Nerds love plain text. Ask anyone who's ever spent 45 minutes stripping weird code out of a Microsoft Word document destined for the web, and they'll tell you why. A good text editor is a necessity for anyone who creates web content, and the new Byword 2 is a great one.
Byword 2 fits somewhere in between a full-fledged word processor (like Word or Pages) and TextEdit. The focus here is on your actual content. Like other text editors, Byword ignores stuff like mail merge, page layouts, tables, and other advanced bells and whistles common to modern word-processing applications. Instead, Byword offers a clean, minimal interface to keep you focused on creating. There are only two interface options: a light version with dark-gray text on a light-gray background, and a dark version with light-gray text on a black background. You can do a little bit of font tweaking, but beyond that, there's nothing to fiddle with in Byword, and nothing to distract you from writing.

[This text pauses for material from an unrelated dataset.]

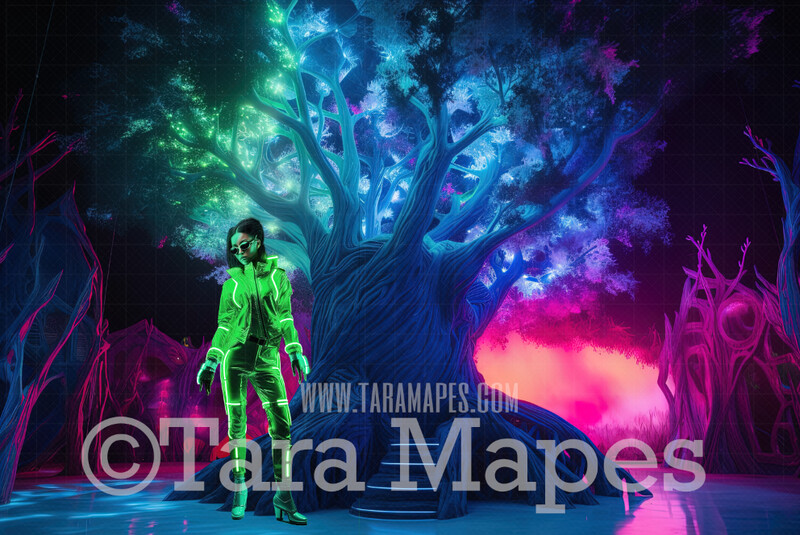 Alien World Digital Backdrop  -  Otherworldly Tree - Neon Alien Tree in Alien World Digital Background JPG FILE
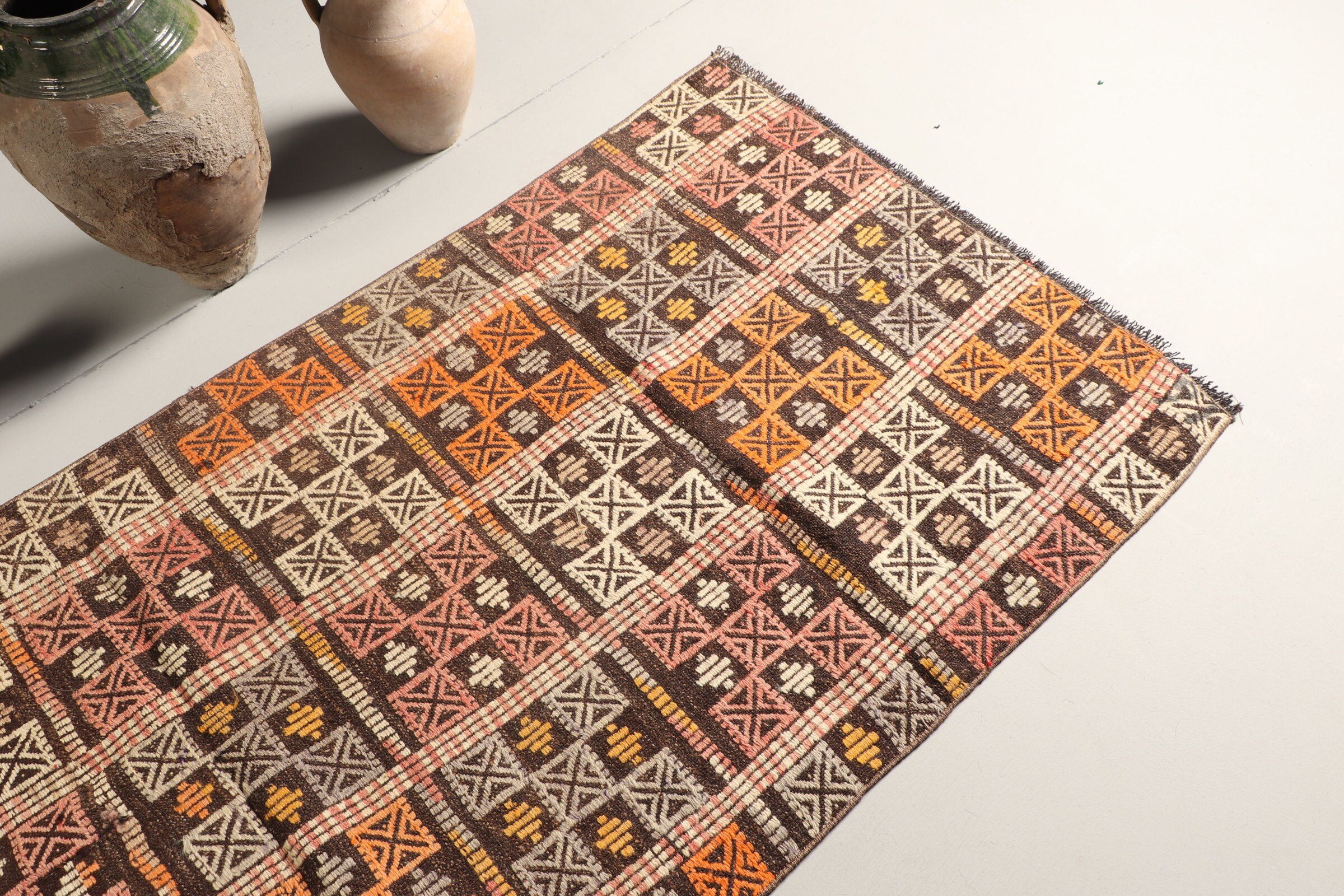 Türk Halıları, Kilim, Mutfak Halıları, Merdiven Halısı, Koridor Halıları, 3,2x8,3 ft Runner Halısı, Bej Oryantal Halı, Ev Dekor Halısı, Vintage Halı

But don't let Byword's simple interface fool you. The application fully supports Markdown, a markup language for formatting text created by Apple pundit John Gruber. Using a simple system of text-based syntax, Markdown can turn plain text into HTML code ready for publishing on the web. It's a great system, and Byword also displays styled text in-line as you type, so you'll have an idea of what the finished product will look like. There's also an HTML preview mode that removes Markdown syntax and displays your finished product.

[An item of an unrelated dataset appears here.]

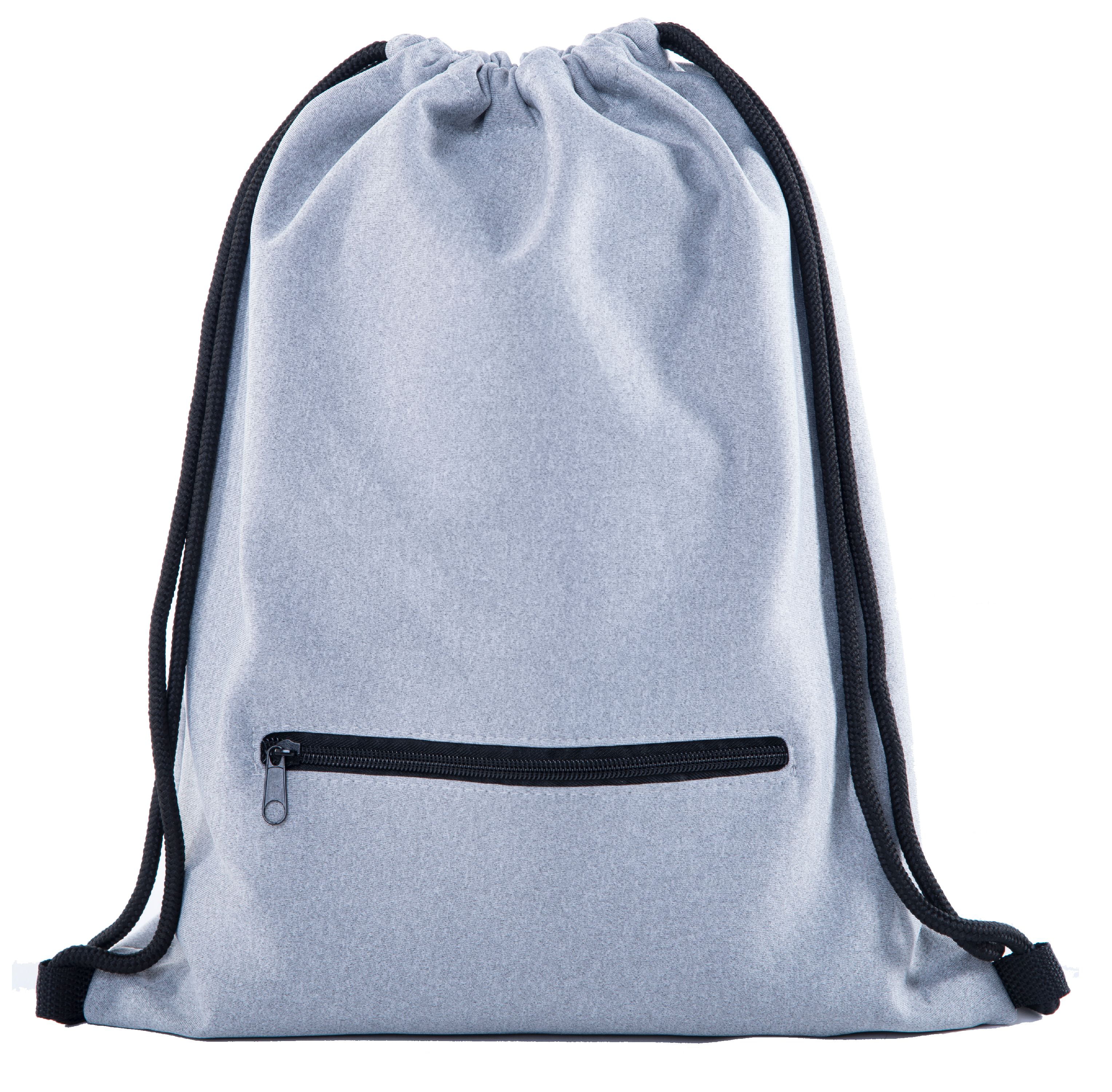 Soft Texture Drawstring Backpack - Quick Access Zipper Pocket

Byword runs ten bucks in the Mac App Store. But for maximum text-crunching goodness, you'll also want to pony up another $4.99 to add the publishing feature as an in-app purchase. For anyone publishing online, exporting HTML from Byword for web use is a fantastic feature. The extra five bucks lets you publish directly from Byword to Wordpress, Tumblr, Blogger, and Scriptogram blogs, as well as directly to your Evernote notebooks. Instead of copying and pasting, you can set up accounts on multiple services, and publish new content to them with a keystroke. It's a huge time-saver, and well worth the upgrade fee.
Byword also comes in an iOS version ($4.99) and the two versions can talk to each other, syncing your documents via Dropbox or iCloud, so you can edit and publish documents seamlessly from a Mac, iPhone, or iPad.

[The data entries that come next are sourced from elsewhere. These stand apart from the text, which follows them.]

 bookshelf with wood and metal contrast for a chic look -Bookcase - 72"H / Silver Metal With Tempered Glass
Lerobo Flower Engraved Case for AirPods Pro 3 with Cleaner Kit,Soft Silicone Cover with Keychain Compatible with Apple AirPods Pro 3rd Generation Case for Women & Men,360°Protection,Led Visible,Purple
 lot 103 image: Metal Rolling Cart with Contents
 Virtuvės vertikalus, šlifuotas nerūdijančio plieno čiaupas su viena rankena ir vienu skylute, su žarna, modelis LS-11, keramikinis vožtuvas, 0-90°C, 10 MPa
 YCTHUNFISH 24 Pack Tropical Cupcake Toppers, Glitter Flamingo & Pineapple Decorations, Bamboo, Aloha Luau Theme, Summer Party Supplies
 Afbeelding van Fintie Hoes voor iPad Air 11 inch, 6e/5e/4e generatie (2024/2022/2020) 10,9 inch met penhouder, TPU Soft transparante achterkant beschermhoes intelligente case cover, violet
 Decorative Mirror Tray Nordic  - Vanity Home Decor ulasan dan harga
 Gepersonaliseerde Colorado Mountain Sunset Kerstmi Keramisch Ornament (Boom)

Thanks to the clean interface and onboard publishing features, Byword has become my new go-to app for everything from grocery lists to meeting notes, and yes, writing this article. It's got everything I need, without any of the bloat of a word processor. While the few preference settings leave Byword as not terribly customizable, the lack of things to fiddle with is a great reminder to stop clicking stuff and actually do some work.
My only real complaint is with the limited features of the publishing feature. Adding tags or categories requires typing them into a text field when you publish. Pulldown menus of your tags and categories, or auto-complete of recently used options, would be a great addition.
The bottom line. Byword was already one of our favorite text editors, and the new publishing feature is well worth the five bucks.
OS X 10.7 or later, 64-bit processor
Awesome new publishing feature.
Publishing requires additional in-app purchase. Limited customizability.